The degraded machine detection unit 24 detects a heat source machine 10 that satisfies a predetermined capacity degradation condition, as a capacity-degraded machine, from among operating heat source machines 10. For example, in a case where a difference between the heat medium outlet temperature and the heat medium outlet set temperature of an operating heat source machine 10 is equal to or greater than a predetermined threshold and the current capacity is less than the output enable upper limit, the degraded machine detection unit 24 determines that the capacity degradation condition is satisfied, and detects the heat source machine 10 as a capacity-degraded machine.

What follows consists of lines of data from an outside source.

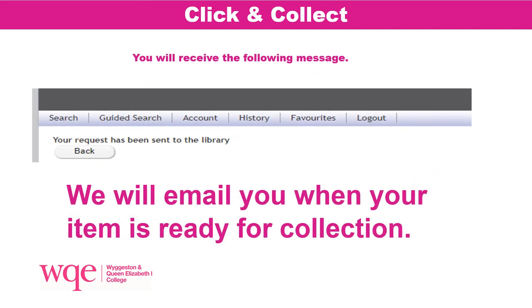Once your request has been successfully sent to the library team, you will receive this message: 'Your request has been sent to the library. We will email you when your item is ready for collection, with full details of where to collect the books.'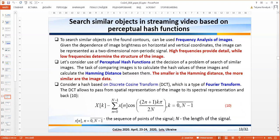To search for similar objects on the found contours, frequency analysis of the image can be used. High frequencies provide detail while low frequencies determine the overall structure of the image. The task of comparing images is to calculate the hash values of the images and calculate the Hamming distance between them. The smaller the Hamming distance, the more similar the images are.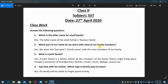Question number two — which part of our name do we share with most of our family members? Answer: we share the surname or family name with most members of our family.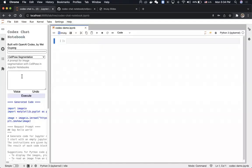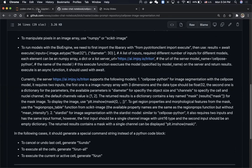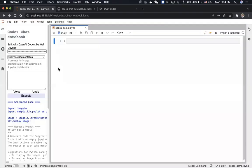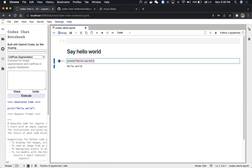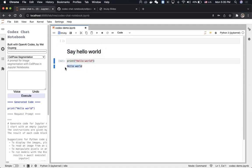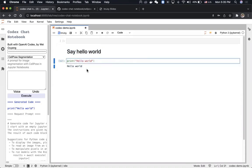Each time I type an instruction, it gets sent together with the prompt to the OpenAI server. Let's give it a try. As a simple start, I can say 'say hello world,' then I hit execute. As you can see, this is the instruction sent to the server, this is the code generated by the Codex model, and this is the output after executing the code in the Jupyter notebook environment.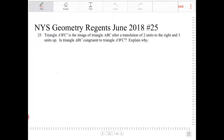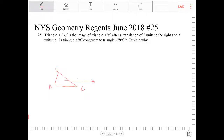Whenever we are translating something, this is a rigid motion. We're translating something two units to the right and three units up.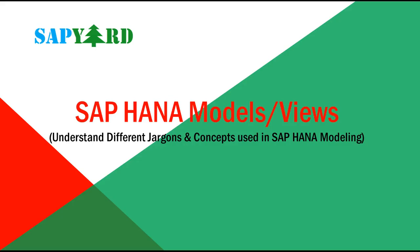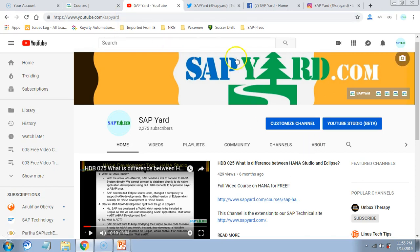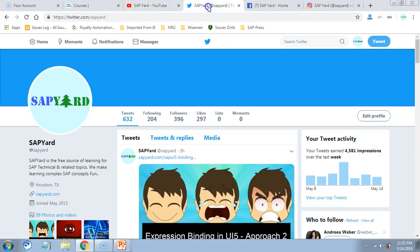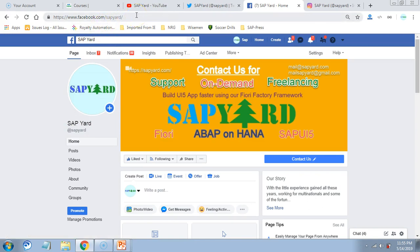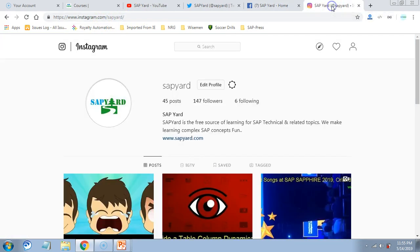And here we are with the new course. I hope you will enjoy this course like all other courses at sapyard.com. If you like our articles or videos, please subscribe to our YouTube channel at youtube.com/sapyard. Also follow us at sapyard on Twitter. Please do not forget to like our Facebook page at facebook.com/sapyard. sapyard is also on Instagram, so please follow us there too.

Here, during heat medium cooling, it is not particularly necessary to be regarded as a problem in a case where the heat medium outlet temperature is lower than the heat medium outlet set temperature, and during heat medium heating, it is not necessary to be regarded as a problem in a case where the heat medium outlet temperature is higher than the heat medium outlet set temperature. Therefore, it may be determined whether the heat medium outlet temperature is a threshold or more higher than the heat medium outlet set temperature during heat medium cooling, or whether heat medium outlet temperature is a predetermined value or more lower than the heat medium outlet set temperature during refrigerant heating.

The capacity degradation condition is represented by expressions as follows.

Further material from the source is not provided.